[Records from a data collection]
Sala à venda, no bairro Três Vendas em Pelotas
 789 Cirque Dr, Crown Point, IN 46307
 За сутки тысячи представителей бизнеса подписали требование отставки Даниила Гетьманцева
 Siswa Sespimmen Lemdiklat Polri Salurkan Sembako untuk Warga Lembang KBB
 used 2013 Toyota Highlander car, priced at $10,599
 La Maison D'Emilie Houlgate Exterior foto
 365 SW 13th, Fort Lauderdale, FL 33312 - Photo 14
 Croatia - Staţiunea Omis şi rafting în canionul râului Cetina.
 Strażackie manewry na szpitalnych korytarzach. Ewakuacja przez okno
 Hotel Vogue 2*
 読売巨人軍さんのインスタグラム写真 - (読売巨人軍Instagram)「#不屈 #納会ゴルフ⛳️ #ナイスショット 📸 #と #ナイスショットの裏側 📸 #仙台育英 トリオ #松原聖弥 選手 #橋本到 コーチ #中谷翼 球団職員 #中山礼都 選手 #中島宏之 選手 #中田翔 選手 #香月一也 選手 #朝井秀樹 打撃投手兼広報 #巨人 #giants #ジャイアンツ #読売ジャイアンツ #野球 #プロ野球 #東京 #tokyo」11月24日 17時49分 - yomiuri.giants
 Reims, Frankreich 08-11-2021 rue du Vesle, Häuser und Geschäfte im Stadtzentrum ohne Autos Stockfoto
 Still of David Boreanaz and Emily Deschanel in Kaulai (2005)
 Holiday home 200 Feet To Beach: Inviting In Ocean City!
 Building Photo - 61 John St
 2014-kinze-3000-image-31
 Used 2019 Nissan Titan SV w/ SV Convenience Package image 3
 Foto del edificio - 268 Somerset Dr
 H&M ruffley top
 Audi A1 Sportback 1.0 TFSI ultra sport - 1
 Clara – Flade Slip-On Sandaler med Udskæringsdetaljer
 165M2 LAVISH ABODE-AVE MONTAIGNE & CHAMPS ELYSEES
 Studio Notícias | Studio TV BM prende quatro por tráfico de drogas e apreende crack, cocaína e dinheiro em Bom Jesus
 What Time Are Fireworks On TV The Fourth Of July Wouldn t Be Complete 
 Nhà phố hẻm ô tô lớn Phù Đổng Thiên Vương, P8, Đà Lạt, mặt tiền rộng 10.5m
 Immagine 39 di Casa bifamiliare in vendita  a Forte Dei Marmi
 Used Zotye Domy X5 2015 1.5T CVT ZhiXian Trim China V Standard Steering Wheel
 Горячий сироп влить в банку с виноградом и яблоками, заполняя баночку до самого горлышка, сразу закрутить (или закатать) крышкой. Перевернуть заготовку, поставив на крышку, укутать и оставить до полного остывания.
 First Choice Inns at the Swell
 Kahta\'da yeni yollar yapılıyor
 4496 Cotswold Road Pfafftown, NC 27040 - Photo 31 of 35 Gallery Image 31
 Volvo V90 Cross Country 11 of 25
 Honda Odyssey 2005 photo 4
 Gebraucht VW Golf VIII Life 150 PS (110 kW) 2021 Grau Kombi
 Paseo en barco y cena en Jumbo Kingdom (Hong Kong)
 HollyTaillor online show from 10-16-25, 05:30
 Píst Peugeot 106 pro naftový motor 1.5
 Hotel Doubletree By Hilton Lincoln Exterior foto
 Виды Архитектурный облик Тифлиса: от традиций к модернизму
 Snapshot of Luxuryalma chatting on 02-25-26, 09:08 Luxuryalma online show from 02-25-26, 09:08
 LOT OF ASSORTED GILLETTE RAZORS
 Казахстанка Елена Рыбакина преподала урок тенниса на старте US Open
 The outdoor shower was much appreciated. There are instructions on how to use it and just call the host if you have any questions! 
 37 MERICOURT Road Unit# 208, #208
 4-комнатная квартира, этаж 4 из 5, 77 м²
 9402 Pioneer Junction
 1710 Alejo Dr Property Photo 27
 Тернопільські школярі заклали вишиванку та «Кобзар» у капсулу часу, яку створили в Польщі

• [WORK TO BE COMPLETED]: Word for word, reproduce every record shown above.

• [SOLUTION FOR THIS EXERCISE]:
Sala à venda, no bairro Três Vendas em Pelotas
 789 Cirque Dr, Crown Point, IN 46307
 За сутки тысячи представителей бизнеса подписали требование отставки Даниила Гетьманцева
 Siswa Sespimmen Lemdiklat Polri Salurkan Sembako untuk Warga Lembang KBB
 used 2013 Toyota Highlander car, priced at $10,599
 La Maison D'Emilie Houlgate Exterior foto
 365 SW 13th, Fort Lauderdale, FL 33312 - Photo 14
 Croatia - Staţiunea Omis şi rafting în canionul râului Cetina.
 Strażackie manewry na szpitalnych korytarzach. Ewakuacja przez okno
 Hotel Vogue 2*
 読売巨人軍さんのインスタグラム写真 - (読売巨人軍Instagram)「#不屈 #納会ゴルフ⛳️ #ナイスショット 📸 #と #ナイスショットの裏側 📸 #仙台育英 トリオ #松原聖弥 選手 #橋本到 コーチ #中谷翼 球団職員 #中山礼都 選手 #中島宏之 選手 #中田翔 選手 #香月一也 選手 #朝井秀樹 打撃投手兼広報 #巨人 #giants #ジャイアンツ #読売ジャイアンツ #野球 #プロ野球 #東京 #tokyo」11月24日 17時49分 - yomiuri.giants
 Reims, Frankreich 08-11-2021 rue du Vesle, Häuser und Geschäfte im Stadtzentrum ohne Autos Stockfoto
 Still of David Boreanaz and Emily Deschanel in Kaulai (2005)
 Holiday home 200 Feet To Beach: Inviting In Ocean City!
 Building Photo - 61 John St
 2014-kinze-3000-image-31
 Used 2019 Nissan Titan SV w/ SV Convenience Package image 3
 Foto del edificio - 268 Somerset Dr
 H&M ruffley top
 Audi A1 Sportback 1.0 TFSI ultra sport - 1
 Clara – Flade Slip-On Sandaler med Udskæringsdetaljer
 165M2 LAVISH ABODE-AVE MONTAIGNE & CHAMPS ELYSEES
 Studio Notícias | Studio TV BM prende quatro por tráfico de drogas e apreende crack, cocaína e dinheiro em Bom Jesus
 What Time Are Fireworks On TV The Fourth Of July Wouldn t Be Complete 
 Nhà phố hẻm ô tô lớn Phù Đổng Thiên Vương, P8, Đà Lạt, mặt tiền rộng 10.5m
 Immagine 39 di Casa bifamiliare in vendita  a Forte Dei Marmi
 Used Zotye Domy X5 2015 1.5T CVT ZhiXian Trim China V Standard Steering Wheel
 Горячий сироп влить в банку с виноградом и яблоками, заполняя баночку до самого горлышка, сразу закрутить (или закатать) крышкой. Перевернуть заготовку, поставив на крышку, укутать и оставить до полного остывания.
 First Choice Inns at the Swell
 Kahta\'da yeni yollar yapılıyor
 4496 Cotswold Road Pfafftown, NC 27040 - Photo 31 of 35 Gallery Image 31
 Volvo V90 Cross Country 11 of 25
 Honda Odyssey 2005 photo 4
 Gebraucht VW Golf VIII Life 150 PS (110 kW) 2021 Grau Kombi
 Paseo en barco y cena en Jumbo Kingdom (Hong Kong)
 HollyTaillor online show from 10-16-25, 05:30
 Píst Peugeot 106 pro naftový motor 1.5
 Hotel Doubletree By Hilton Lincoln Exterior foto
 Виды Архитектурный облик Тифлиса: от традиций к модернизму
 Snapshot of Luxuryalma chatting on 02-25-26, 09:08 Luxuryalma online show from 02-25-26, 09:08
 LOT OF ASSORTED GILLETTE RAZORS
 Казахстанка Елена Рыбакина преподала урок тенниса на старте US Open
 The outdoor shower was much appreciated. There are instructions on how to use it and just call the host if you have any questions! 
 37 MERICOURT Road Unit# 208, #208
 4-комнатная квартира, этаж 4 из 5, 77 м²
 9402 Pioneer Junction
 1710 Alejo Dr Property Photo 27
 Тернопільські школярі заклали вишиванку та «Кобзар» у капсулу часу, яку створили в Польщі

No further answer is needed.